La grande freddezza tra il Vaticano e il Campidoglio

Stamane papa Francesco in Vaticano ha ringraziato quanti hanno collaborato alla realizzazione dell’evento.

Alla cerimonia erano presenti fra gli altri il ministro dell’Interno Angelino Alfano, il sottosegretario alla presidenza del Consiglio Claudio De Vincenti,il presidente della Regione Lazio Nicola Zingaretti. Ma non c’era Virginia Raggi. Non invitata, a quanto pare.

Non si tratterebbe di una dimenticanza. Giorni fa, per un analogo appuntamento istituzionale, monsignor Fisichella ringraziò tutti tranne – appunto- il Campidoglio.

Il nervosismo del Vaticano nei confrotni della giunta Raggi peraltro è risaputo.

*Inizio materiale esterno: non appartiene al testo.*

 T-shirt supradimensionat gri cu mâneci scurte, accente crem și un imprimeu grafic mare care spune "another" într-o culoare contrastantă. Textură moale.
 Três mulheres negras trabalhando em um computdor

Oltretevere si lamentano per l’assenza di interlocutori (non c’è ancora un capo di gabinetto), manca un’interlocuzione seria con gli assessori e la stessa Raggi…

E infatti oggi il Pontefice ha citato solo di striscio il Comune di Roma senza riferimenti alla sindaca: “Il mio pensiero grato va, anzitutto, al ministro dell’Interno, che in quanto responsabile della sicurezza ha garantito ai pellegrini, non solo a Roma ma in tutto il territorio nazionale, di vivere questo Giubileo con la dovuta sicurezza e tranquillità. Insieme a lui ringrazio il Capo della Polizia e il Questore di Roma che unitamente alla Gendarmeria Vaticana hanno dimostrato quanto la collaborazione reciproca possa realmente offrire dei servizi di sicurezza a garanzia di tutti”.

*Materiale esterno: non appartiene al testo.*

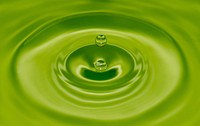 Green waterdrop on water. Free public domain CC0 photo.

“Ringrazio – ha proseguito il Pontefice – i membri della Commissione bilaterale tra la Santa Sede e il Governo italiano nella persona del sottosegretario della presidenza del Consiglio. Non posso dimenticare il Corpo della Guardia Svizzera e tutte le Istituzioni Vaticane, in particolare il Governatorato e la Fabbrica di san Pietro per il grande senso di dedizione. Un pensiero grato, inoltre, per lo sforzo compiuto dai Responsabili della Regione Lazio, soprattutto per la programmazione meticolosa delle strutture sanitarie. Alla segreteria tecnica che raccoglieva le diverse istanze amministrative, tra cui il comune di Roma, presieduta dalla signora Prefetto di Roma, il plauso per aver consentito uno svolgimento efficace di tutti gli eventi giubilari».

Siamo dunque dinanzi all’ennesimo episodio di freddezza (per usare un eufemismo) fra la Santa Sede e la nuova amministrazione capitolina? Parrebbe proprio di sì.